→ **Required work**:
Repeat the listing exactly. Any picture in it should be left out of the copy.
---- Information supplied
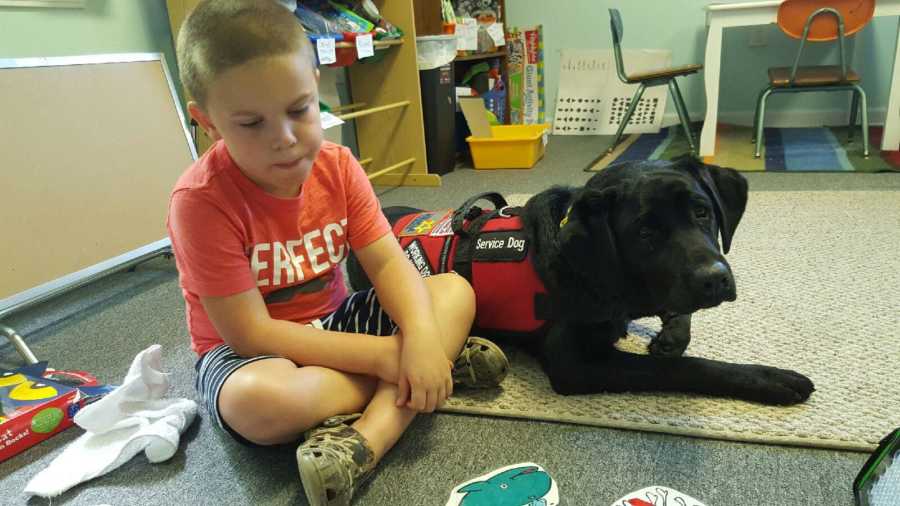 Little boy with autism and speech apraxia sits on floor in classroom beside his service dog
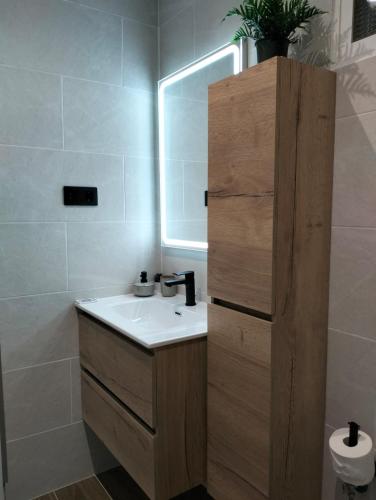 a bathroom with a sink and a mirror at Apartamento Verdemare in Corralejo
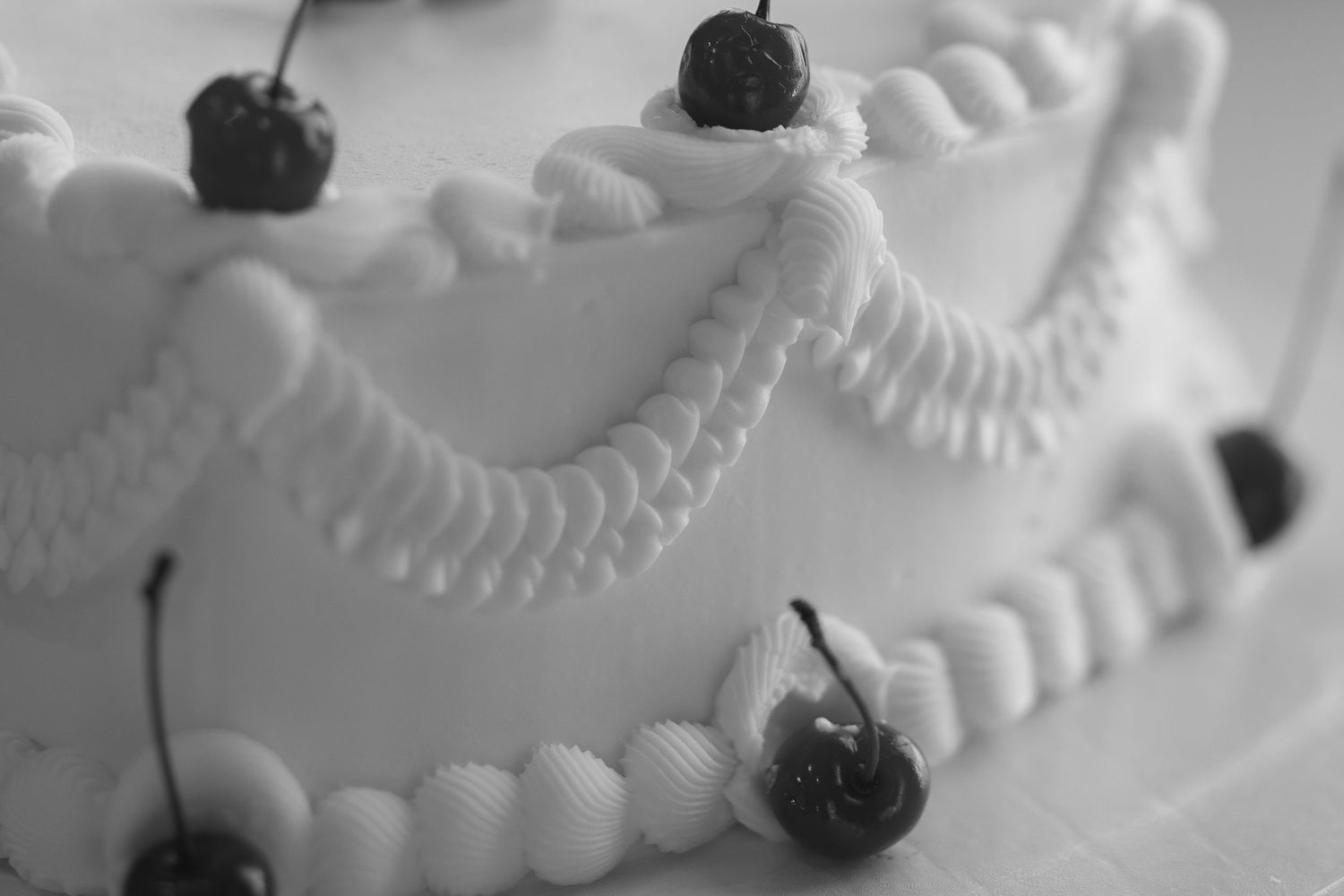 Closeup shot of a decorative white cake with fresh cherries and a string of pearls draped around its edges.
--------
→ **Answer for this exercise**:
 Little boy with autism and speech apraxia sits on floor in classroom beside his service dog
 a bathroom with a sink and a mirror at Apartamento Verdemare in Corralejo
 Closeup shot of a decorative white cake with fresh cherries and a string of pearls draped around its edges.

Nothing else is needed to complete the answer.